Autrement dit: l’idée d’indépendance s’est bâtie sur une opposition entre un Québec français et un Canada anglicisant. Or, nous assistons à la naissance du concept de Québécois francophone – et à la légitimation de l’oxymore « Québécois anglophone » – laissant entrevoir non pas un rapprochement vers la réalisation de l’indépendance, mais plutôt vers la bilinguisation puis l’anglicisation du Québec. Loin de constituer une amélioration vis-à-vis du statu quo, la stratégie des petits pas et de la création d’une identité québécoise à l’intérieur du Canada nous rapproche plutôt du précipice.
Voilà précisément pourquoi il est d’une importance capitale de rejeter la stratégie de l’étapisme prônée depuis des décennies par les bonzes péquistes. Elle a échoué.

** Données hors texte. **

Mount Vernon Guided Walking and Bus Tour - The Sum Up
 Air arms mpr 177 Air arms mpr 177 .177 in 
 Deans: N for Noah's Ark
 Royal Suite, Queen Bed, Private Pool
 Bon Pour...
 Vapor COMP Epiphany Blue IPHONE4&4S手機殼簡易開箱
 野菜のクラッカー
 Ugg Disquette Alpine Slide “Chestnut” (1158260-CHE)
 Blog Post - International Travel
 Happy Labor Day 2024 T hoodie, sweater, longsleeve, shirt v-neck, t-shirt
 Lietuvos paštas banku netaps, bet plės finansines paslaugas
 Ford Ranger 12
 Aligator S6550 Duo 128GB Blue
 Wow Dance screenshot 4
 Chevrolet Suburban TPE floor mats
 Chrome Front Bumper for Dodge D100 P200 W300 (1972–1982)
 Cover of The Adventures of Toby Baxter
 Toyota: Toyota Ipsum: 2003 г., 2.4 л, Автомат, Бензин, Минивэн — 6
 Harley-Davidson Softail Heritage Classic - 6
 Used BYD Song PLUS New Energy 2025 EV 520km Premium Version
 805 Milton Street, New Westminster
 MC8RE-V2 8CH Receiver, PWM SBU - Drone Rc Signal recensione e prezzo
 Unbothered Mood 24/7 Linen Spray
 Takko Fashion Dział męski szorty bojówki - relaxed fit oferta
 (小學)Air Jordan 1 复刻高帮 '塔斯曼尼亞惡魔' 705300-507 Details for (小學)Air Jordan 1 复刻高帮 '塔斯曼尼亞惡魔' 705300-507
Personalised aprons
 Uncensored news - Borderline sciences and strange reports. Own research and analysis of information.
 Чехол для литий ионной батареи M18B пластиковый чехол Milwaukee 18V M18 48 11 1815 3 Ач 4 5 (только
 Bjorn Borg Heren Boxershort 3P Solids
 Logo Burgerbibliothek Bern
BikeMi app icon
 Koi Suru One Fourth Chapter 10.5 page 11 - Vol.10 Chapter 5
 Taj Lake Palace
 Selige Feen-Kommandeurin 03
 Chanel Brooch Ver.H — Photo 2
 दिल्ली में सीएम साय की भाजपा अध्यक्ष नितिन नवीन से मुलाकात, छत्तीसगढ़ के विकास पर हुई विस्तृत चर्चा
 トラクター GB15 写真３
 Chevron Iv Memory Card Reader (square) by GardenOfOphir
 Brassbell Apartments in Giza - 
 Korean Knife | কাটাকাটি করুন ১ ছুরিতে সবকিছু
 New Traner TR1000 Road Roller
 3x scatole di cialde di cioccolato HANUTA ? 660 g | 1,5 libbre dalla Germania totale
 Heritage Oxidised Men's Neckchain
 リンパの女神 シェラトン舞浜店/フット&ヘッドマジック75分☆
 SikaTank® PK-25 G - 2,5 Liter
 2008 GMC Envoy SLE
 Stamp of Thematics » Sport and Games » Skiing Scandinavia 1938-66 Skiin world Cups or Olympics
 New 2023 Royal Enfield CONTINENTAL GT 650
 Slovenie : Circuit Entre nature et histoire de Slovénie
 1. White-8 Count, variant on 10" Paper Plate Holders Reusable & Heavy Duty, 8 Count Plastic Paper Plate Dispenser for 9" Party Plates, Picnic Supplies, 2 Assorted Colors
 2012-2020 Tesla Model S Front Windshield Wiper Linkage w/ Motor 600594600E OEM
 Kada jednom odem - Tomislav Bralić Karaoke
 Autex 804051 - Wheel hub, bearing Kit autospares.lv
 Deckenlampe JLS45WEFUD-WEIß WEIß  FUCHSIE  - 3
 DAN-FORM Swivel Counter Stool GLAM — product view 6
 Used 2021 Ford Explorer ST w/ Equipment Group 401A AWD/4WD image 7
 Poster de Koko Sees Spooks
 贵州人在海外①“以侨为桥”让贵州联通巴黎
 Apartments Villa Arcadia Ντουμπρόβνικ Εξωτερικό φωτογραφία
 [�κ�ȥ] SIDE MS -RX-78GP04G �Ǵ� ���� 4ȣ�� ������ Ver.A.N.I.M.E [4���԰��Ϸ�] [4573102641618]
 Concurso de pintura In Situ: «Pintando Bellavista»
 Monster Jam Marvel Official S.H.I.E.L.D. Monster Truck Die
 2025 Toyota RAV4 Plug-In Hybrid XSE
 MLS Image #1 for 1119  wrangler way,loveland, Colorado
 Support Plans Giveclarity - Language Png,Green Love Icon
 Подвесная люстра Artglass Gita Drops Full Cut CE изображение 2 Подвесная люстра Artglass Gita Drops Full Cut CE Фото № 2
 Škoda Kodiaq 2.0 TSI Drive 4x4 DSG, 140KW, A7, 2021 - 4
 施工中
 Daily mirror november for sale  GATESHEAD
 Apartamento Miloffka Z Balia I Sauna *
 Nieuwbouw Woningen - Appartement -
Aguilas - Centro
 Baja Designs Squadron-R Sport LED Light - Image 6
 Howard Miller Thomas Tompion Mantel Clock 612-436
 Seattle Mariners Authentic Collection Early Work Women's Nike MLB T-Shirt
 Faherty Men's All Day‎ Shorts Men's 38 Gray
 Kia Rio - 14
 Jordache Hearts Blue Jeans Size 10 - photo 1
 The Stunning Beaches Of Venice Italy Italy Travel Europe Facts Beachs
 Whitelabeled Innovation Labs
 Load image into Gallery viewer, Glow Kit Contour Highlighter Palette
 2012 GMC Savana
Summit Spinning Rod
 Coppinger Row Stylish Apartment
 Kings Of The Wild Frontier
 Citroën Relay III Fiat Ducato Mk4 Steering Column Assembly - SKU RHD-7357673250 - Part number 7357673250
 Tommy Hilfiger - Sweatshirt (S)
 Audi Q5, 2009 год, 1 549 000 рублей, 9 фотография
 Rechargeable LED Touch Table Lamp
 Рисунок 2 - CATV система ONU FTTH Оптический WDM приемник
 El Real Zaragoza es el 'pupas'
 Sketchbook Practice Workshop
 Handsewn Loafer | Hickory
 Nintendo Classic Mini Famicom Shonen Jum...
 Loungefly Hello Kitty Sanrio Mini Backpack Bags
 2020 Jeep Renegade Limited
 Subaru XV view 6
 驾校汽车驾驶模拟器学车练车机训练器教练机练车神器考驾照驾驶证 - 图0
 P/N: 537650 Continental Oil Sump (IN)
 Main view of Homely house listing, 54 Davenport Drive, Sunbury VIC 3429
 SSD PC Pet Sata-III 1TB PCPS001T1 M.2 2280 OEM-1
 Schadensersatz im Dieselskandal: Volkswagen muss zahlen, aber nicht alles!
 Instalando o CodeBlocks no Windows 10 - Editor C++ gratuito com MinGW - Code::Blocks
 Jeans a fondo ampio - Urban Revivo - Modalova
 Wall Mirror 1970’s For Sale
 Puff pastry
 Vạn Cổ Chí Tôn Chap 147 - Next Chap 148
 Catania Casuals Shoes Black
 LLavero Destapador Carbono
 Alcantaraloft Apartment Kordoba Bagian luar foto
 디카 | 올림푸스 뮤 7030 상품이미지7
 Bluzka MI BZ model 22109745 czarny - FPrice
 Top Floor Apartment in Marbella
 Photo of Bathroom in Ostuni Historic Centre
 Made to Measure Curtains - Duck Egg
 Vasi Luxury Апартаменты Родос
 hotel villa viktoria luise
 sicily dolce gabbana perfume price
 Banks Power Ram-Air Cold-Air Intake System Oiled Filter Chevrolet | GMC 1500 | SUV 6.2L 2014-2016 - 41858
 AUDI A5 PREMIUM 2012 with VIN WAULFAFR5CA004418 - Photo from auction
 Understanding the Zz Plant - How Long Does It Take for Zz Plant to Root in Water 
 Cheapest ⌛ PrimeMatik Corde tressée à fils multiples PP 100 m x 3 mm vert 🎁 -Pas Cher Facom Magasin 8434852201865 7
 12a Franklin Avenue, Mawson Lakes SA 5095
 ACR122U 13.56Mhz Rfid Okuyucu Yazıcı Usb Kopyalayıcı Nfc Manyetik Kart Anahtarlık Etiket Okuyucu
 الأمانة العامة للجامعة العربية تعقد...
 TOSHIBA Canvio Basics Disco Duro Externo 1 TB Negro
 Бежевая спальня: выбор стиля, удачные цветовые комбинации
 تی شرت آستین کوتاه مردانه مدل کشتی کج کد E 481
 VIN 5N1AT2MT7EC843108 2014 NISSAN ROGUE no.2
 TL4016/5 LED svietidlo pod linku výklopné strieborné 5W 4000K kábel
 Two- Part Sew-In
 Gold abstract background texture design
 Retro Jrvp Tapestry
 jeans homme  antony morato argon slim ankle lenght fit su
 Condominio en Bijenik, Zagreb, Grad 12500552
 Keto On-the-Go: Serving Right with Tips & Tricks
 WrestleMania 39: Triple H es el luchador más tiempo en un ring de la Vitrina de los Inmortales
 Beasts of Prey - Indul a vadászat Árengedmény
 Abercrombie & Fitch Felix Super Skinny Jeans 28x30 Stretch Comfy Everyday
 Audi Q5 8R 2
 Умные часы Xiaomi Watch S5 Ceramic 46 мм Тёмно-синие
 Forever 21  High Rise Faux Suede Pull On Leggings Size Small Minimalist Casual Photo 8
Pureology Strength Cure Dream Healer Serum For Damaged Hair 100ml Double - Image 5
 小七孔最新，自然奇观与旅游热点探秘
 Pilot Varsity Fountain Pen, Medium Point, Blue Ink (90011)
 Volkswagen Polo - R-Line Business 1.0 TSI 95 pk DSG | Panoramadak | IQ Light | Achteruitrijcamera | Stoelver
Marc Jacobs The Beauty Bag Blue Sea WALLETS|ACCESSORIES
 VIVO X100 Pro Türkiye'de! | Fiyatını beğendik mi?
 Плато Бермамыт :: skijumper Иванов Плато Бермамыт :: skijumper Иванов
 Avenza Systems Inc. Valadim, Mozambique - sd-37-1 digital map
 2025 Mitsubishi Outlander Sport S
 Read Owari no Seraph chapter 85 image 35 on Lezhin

Et elle échouera encore. Les peuples qui sont devenus libres ont d’abord planifié leur libération, l’ont exécutée, puis sont passés à d’autres enjeux.
Si l’article premier du Parti Québécois affirme que le but du parti est de réaliser l’indépendance du Québec, il doit s’y atteler dès maintenant en se débarrassant à la fois du boulet Marois et de son plan d’étapisme ne constituant qu’un énième recul pour la cause. S’il faut une élection référendaire, qu’à cela ne tienne. Le but, le seul, doit être d’utiliser tous les moyens possibles pour libérer définitivement le peuple québécois de l’État canadien.
Sinon, qu’il change son article premier et qu’il devienne un simple parti provincial.
Et nous disparaîtrons en silence à grands renforts de bilinguisme et de « In English Please » (en anglais SVP) éructé de la bouche pointue d’un individu faisant partie d’une nation qui, elle, se respecte.
Marois doit partir
Si le Parti Québécois aspire à prendre le pouvoir et à réaliser l’indépendance, il lui faudra trouver des solutions à la fois au problème Marois et améliorer son plan de match en faveur de l’indépendance.